The journal manager of Links to Health and Social Care and one of the student editors and authors presented at the Royal College of Nursing Education Forum ‘Nursing education and professional development: the global perspective’ in March 2017 on their experiences with OJS. They received very positive feedback and there was a lot of enthusiasm and discussion about the possibility that it might help to meet some of the new Nursing and Midwifery Council standards for nursing education. Innovations in Practice has been included in the ROAD Directory of Open Access scholarly Resources and articles have been cited in other international peer-reviewed education journals. The journal manager is very keen to raise the profile and impact of this journal.
It is important to develop a policy for the service outlining what the service does and does not offer and what level of support is available. Think about the level of customization that as a service you are willing and able to offer each journal and ensure this is outlined in the policy. Think about how much time will be given to each journal for the first issue, second issue and beyond. This will probably vary but needs to be laid out, and it will also influence how many new journals the service will be able to take on at any one time. It is necessary to consider ownership of individual journals. Who is responsible for the content, ensuring progression if key people leave? Consider also what happens if the journal folds. A successful service would not be one which holds a multitude of journals that only produce one issue and then fold! The reputation of the institution needs to be taken into consideration as well, and faculty staff are best placed to offer some kind of quality control. Having backing from senior managers in the appropriate area of the institution, for example directors of school or research groups, means that there is a check in place prior to a new journal being started.
It is essential to ensure there is enough capacity in the team to deliver the level of support described in your policy. The initial set-up of the journal can take time, especially with inexperienced journal managers and once the journal is set up journal managers will generally need more support to produce their first issue using OJS. However, there will be ongoing support needs which need to be taken into consideration. A recommendation would be to start small and then it is possible to assess the level of support that will be needed.
There needs to be a commitment on the part of the journal manager to develop their procedures and policies relating to their journal, and with a new journal more support is needed in this area. We are aiming to develop workload estimates for journal managers and editors based on the number of issues and articles per issue for the proposed journal. This will help journal managers and editors understand from the outset the degree of commitment needed to maintain a journal. In addition, library management need to be committed to offering this service in order to ensure adequate resource is available to support it. At LJMU we had the support of library management as the project supported the University’s Embedding Research and Scholarship strand of the 2012–2017 strategy plan8 and our own Management Team acted as project board for the pilot project. Finally, to ensure a successful service, there is a need for organizational-level buy-in.
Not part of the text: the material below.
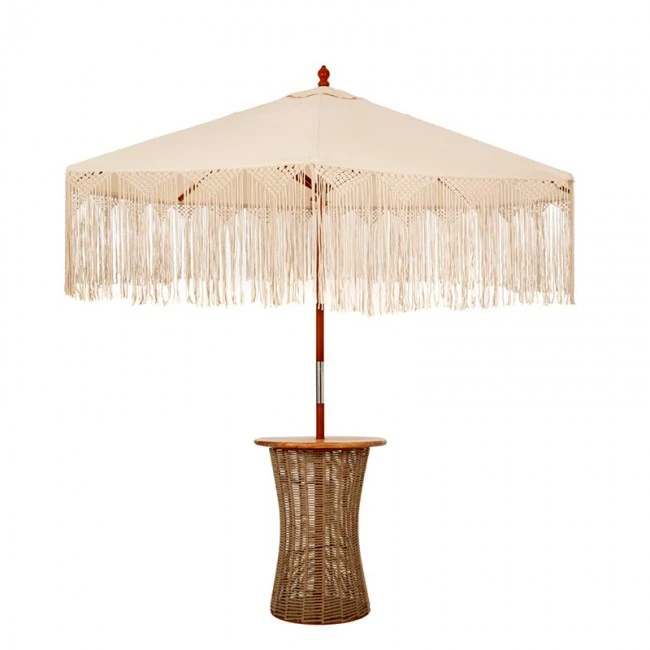 ΟΜΠΡΕΛΑ BOHO Φ270Χ260ΥΨΟΣ ΜΕ ΥΦΑΣΜΑ ΚΑΙ ΜΑΚΡΑΜΕ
If support is gained from the organization, this will boost the profile of the service and make it easier to deal with ‘problem’ journals. It can be a challenge convincing senior management that offering an open journals service is a worthwhile venture for the institution. It requires linking it to your strategic plan and outlining potential benefits.
Having developed our service policy, the next step for us is to get University approval for it and to gain the support of key groups. In particular there is a need for schools and faculties to be aware of and take responsibility for any new journals that are proposed. We would like to get more research- rather than teaching- and practice-focused journals using the system so we can test other areas like blind peer-review and situations where the roles of editor and reviewer are carried out by different people.
Another area we need to develop is around the marketing of current journals. How do we get the word out and improve the profile of our existing journals? Some of the responsibility for this sits with the journal managers, but in order to boost the profile of the service as a whole the library team needs to take a role in this. To aid discoverability we would support journal managers with applications for inclusion in the Directory of Open Access Journals.9 We also are beginning to tweet links to new articles from our Research Support twitter feed @LJMUResearch10 and will include promotion of our current journals at our Teaching and Learning Conference, as well as encouraging potential new journal managers to get in touch.
There is also the potential for partnerships with other institutions. The Links to Health and Social Care team in particular is keen to work with other institutions to further boost the profile and reach of the journal. As the system is online and can be accessed anywhere, this works well for cross-institutional collaboration. The institutions do not even need to be in the same country, and the Links to Health and Social Care team is looking to collaborate with Karelia University in Finland.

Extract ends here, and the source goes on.